-- Brief --
Word for word, restate the lines from the one containing "Cándido Conde Pumpido, Pedro" through the last line of the material, and include no pictures.

-- Data provided --

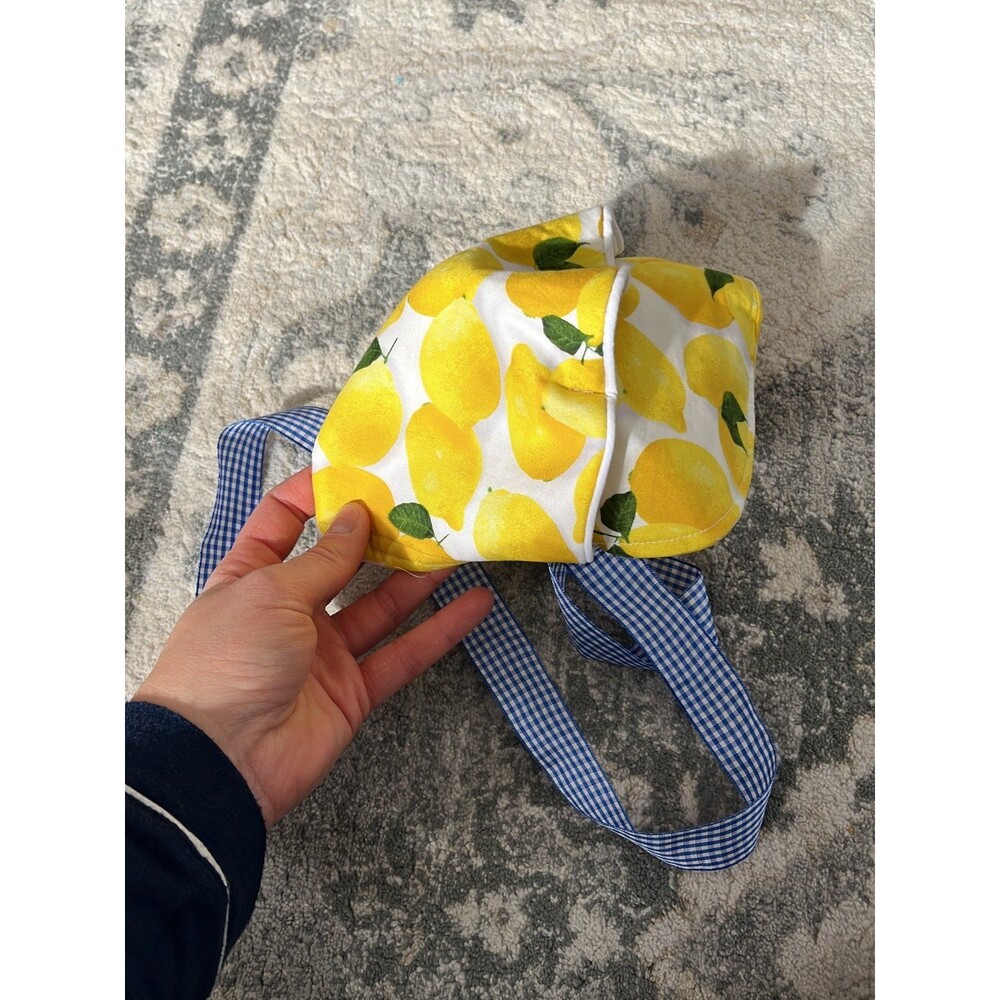 Handmade Lemon Bonnet size XS for 0-6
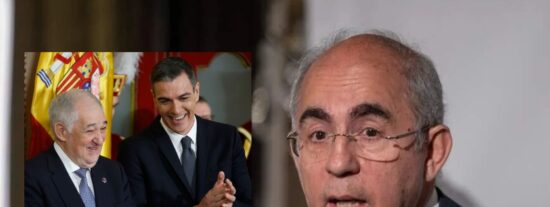 Cándido Conde Pumpido, Pedro Sánchez y Francisco Rosell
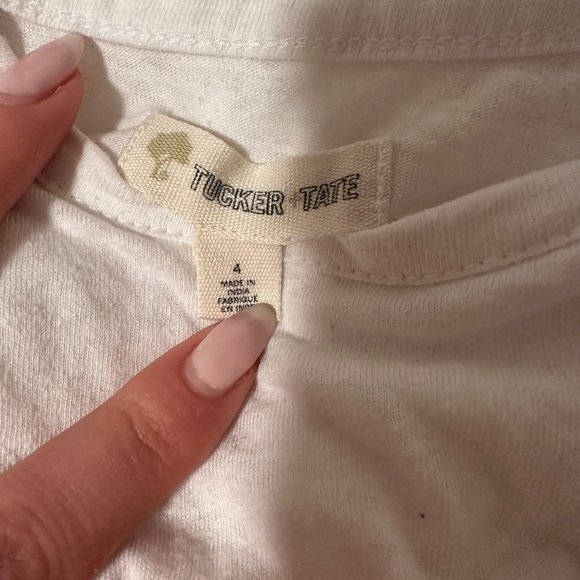 Tucker and Tate love ruffle tshirt 4T - Picture 2 of 3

-- Written response --
 Cándido Conde Pumpido, Pedro Sánchez y Francisco Rosell
 Tucker and Tate love ruffle tshirt 4T - Picture 2 of 3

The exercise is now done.